### What to work on
After finding the line with "Kit añadidos carroceria Opel Corsa F GS-Line", restate it and each remaining line of the material word for word, omitting every picture.

### Raw data
• • •

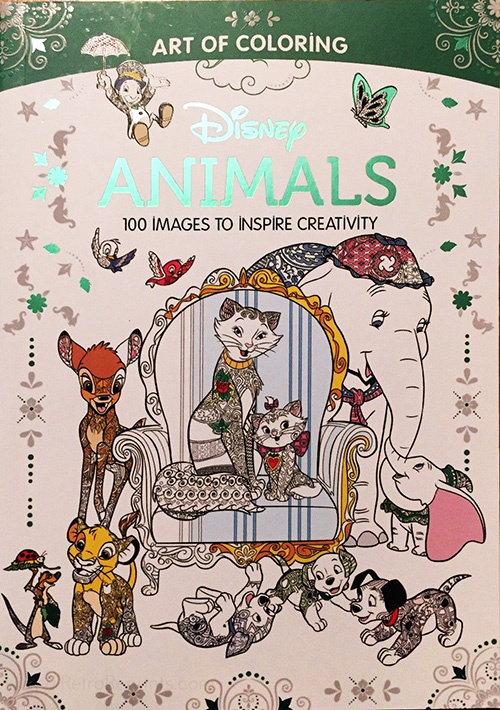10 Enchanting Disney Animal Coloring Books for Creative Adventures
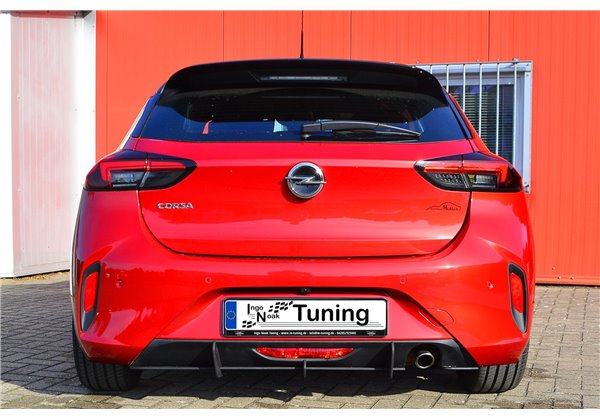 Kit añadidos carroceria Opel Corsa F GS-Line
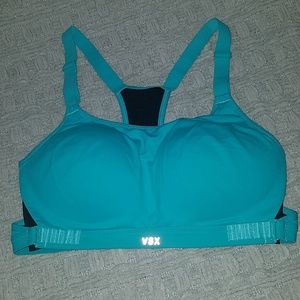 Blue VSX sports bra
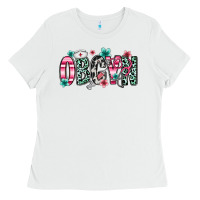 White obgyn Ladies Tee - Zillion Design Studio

• • •

### Solution for this task
 Kit añadidos carroceria Opel Corsa F GS-Line
 Blue VSX sports bra
 White obgyn Ladies Tee - Zillion Design Studio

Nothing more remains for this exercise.